My sailor is superstitious. They say you should never leave port on a Friday, and he won’t, not for a voyage anyway. If it’s a day sail and he’ll be back within a few hours (theoretically), I think he’d go if the conditions and his schedule aligned. But conditions on the ocean are hard to predict, even with fancy satellites and computer models. 

My husband doesn’t allow bananas on the boat because they bring bad luck. Once, he and a friend sailed to the Isles of Shoals; even that name sounds inauspicious to me. The main thing to do there is walk around a crooked cemetery and contemplate death. The whole place has a Lizzy Borden vibe. If you were to look on a nautical chart, the Isles of Shoals is a set of nine islands, crags strewn off the coasts of Massachusetts, New Hampshire, and Maine. So they sailed to one of them—Smuttynose Island or Star, I think—and the friend didn’t know the rule about bananas. He packed one in his lunch, and it made it aboard undetected. And would you believe? They crashed into a rock by the end of the first day! My husband never crashes the boat. Somehow, they managed to sail home, but the damage was bad enough that the boat had to be hauled out for repairs. The rock tore up the keel and gashed into a section of the hull. It was a real problem. All because of that banana.

Never whistle on a boat, my husband warns. Especially a sailboat. Whistling is the equivalent of conjuring the wind, of tempting a tempest. Why risk it? It’s dangerous enough to be on the ocean or anywhere near it. Even without whistling, it gets awfully windy while sailing. My main hobby is reading, because you know what I love? Not dying.

On Nantucket they say, If you can see the ocean, the ocean can see you.

Appellations
The Andrea Doria sank off Nantucket on July 26, 1956. Disasters are fascinating, there’s no way around it, especially if your name is involved. The 700-foot ocean liner left Italy on July 17 for New York City with 1,134 passengers and 572 crew aboard. A section of Nantucket Sound is called “The Graveyard” because so many ships rest on the bottom there. 
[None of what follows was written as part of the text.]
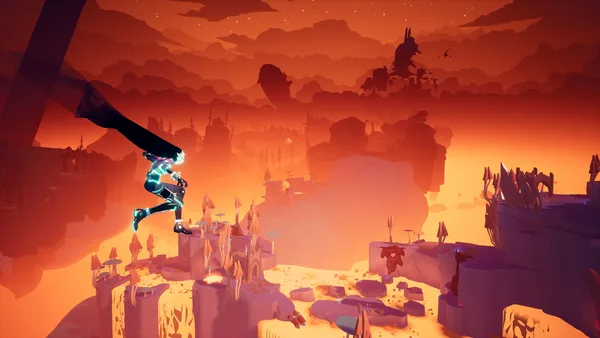 Solar Ash screenshot 1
The night before the Andrea Doria sank, she was surrounded by heavy fog, what sailors call “thick weather.” Captain P. Calamai noted a blip on the radar and identified it as the Stockholm, a passenger liner headed to her home port in Sweden. Though each captain steered a course to avoid the other, one or both miscalculated, and by the time they understood they were on a collision course, it was too late. This despite Captain Calamai’s extensive experience at sea and decorated service in both World Wars.

When the bow of the Stockholm, an icebreaker, crashed into the Doria’s starboard side, it crushed her watertight bulkheads and drove 30 feet into the hull. It is said the orchestra was playing “Arrivederci, Roma” at the moment of impact. First, I imagine the deafening noise, the roar of thirty tons of metal colliding, the crackle of snapping wood, the screams of passengers plunging into the midnight water. Later, I imagine silence, like the silence of musicians separated from their instruments. I see broken violins and a harp floating to the bottom. The silhouette of a grand piano buried in the sand.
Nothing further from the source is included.